First Principles Prediction of Protein Tertiary Structures

Joseph F. Danzer, Derek A. Debe, and William A. Goddard III

The problem of predicting a proteinís native tertiary structure from sequence alone remains one of the great unsolved problems of molecular biology. A fast hierarchical prediction method has been developed in order to tackle this problem. Initially, a fast off-lattice Monte Carlo algorithm is used to generate a large ensemble of structures using a Cα only model of the protein.
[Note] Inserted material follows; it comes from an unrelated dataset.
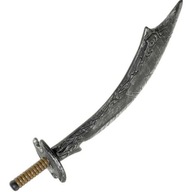 meč Pirát SABRE PIRATE rytier MELD WEAPON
Successive stages of the hierarchy involve selecting out the best structures from the generated ensemble based on an energy that measures how well a structure packs its hydrophobic core. The selected structures are then refined via energy minimization with an increasingly detailed force field. Final structural refinement uses fold recognition techniques to garner structural information from the protein data bank. Results for a test set of 40 proteins are presented. On a single processor, total prediction time for a single protein is on average 5 hours. It was found that this method accurately predicts the overall fold of a protein and reproduces its native structure with moderate accuracy. An example of one of our more successful predictions for a 113 residue protein is found in Figure 1.

 

Figure 1. Comparison of predicted structure to native for 113 residue 1hmdA. Native structure is shown in green, while the 4.0Å predicted structure is show in blue.